START DATASET

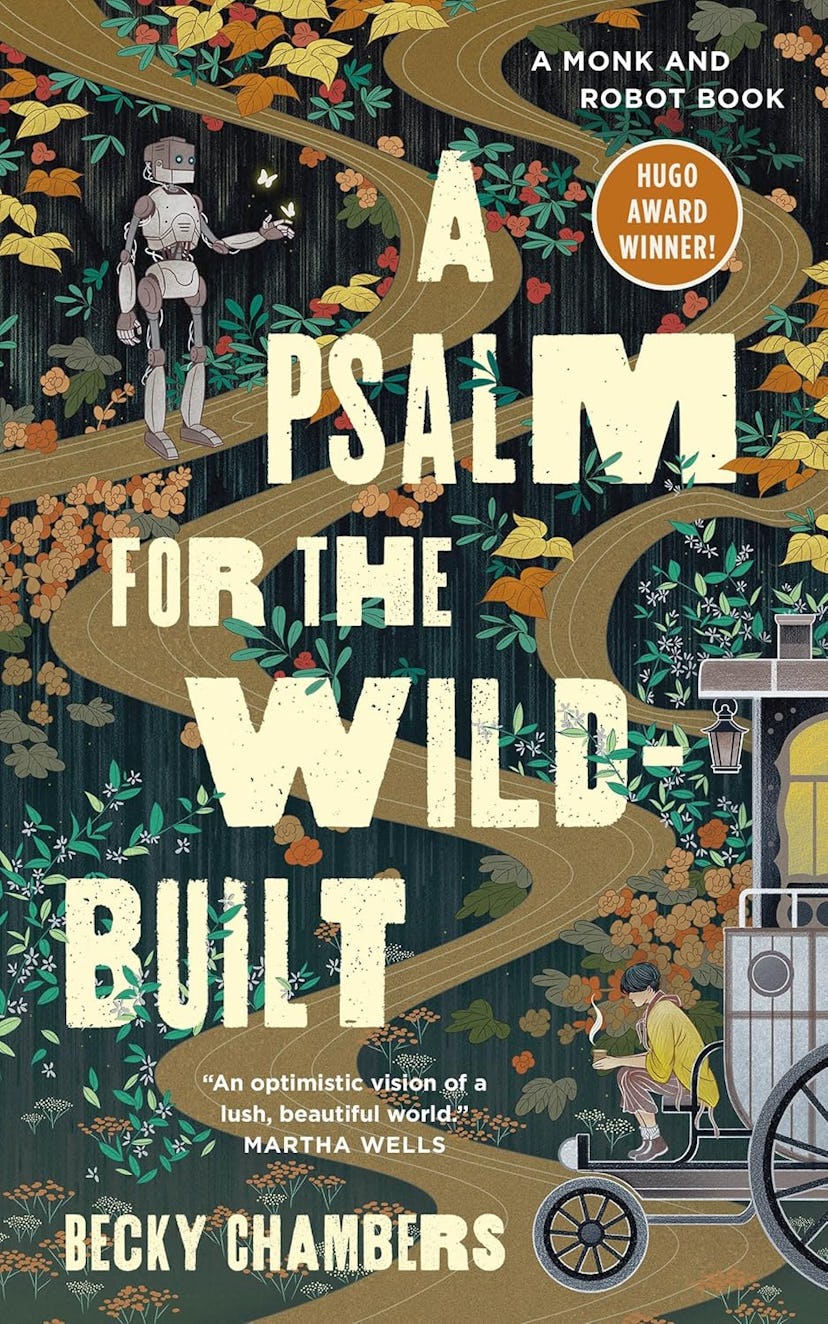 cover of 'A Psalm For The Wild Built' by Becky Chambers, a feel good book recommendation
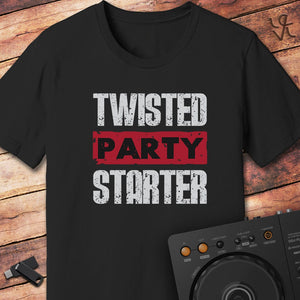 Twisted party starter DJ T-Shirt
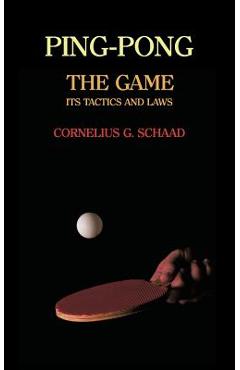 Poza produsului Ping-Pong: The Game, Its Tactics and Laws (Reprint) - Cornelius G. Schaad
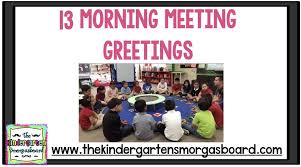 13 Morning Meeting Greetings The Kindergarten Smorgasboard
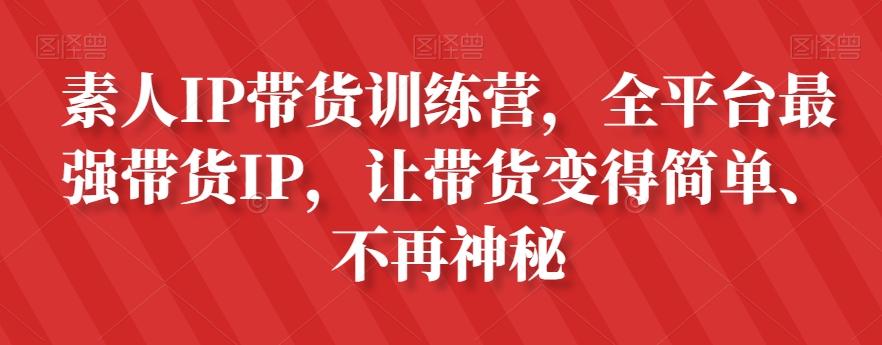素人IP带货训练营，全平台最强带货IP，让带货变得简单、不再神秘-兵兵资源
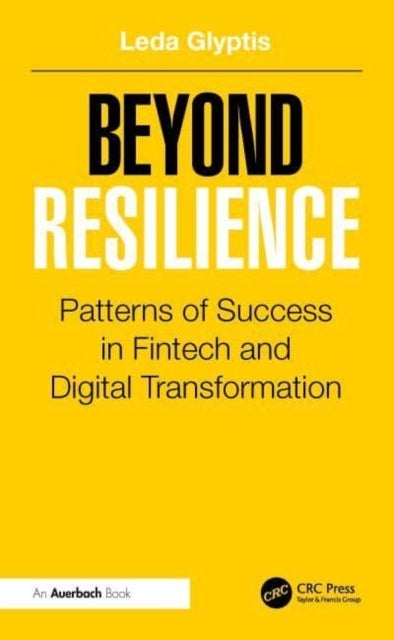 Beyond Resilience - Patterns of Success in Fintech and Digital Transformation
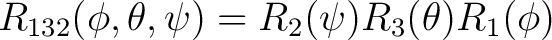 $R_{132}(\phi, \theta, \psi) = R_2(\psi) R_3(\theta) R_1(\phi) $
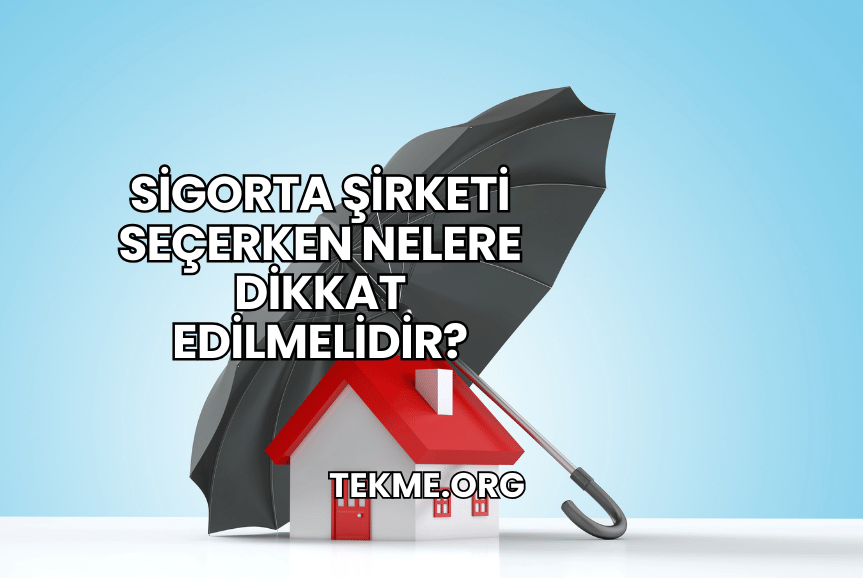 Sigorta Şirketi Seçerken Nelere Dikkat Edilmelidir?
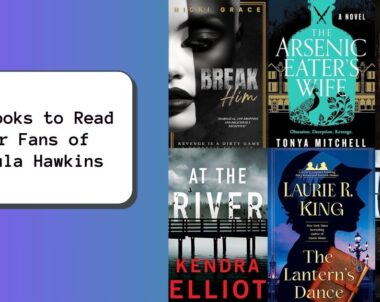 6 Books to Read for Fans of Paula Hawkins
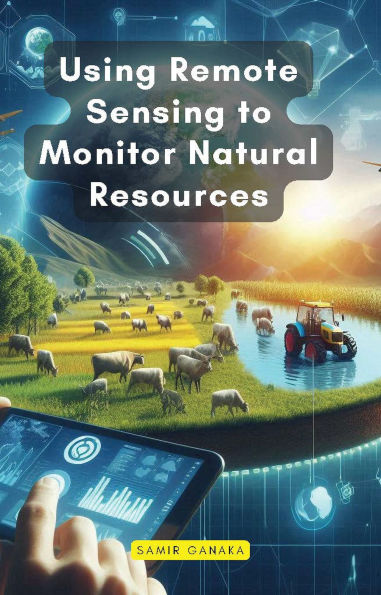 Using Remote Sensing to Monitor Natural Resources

END DATASET

- **WHAT IS REQUIRED**:
All lines from the one containing "R_3(\theta) R_1(\phi) $" to the last line of the data above, both included, should be printed exactly, and the pictures should not appear.

- **COMPLETED TASK**:
 $R_{132}(\phi, \theta, \psi) = R_2(\psi) R_3(\theta) R_1(\phi) $
 Sigorta Şirketi Seçerken Nelere Dikkat Edilmelidir?
 6 Books to Read for Fans of Paula Hawkins
 Using Remote Sensing to Monitor Natural Resources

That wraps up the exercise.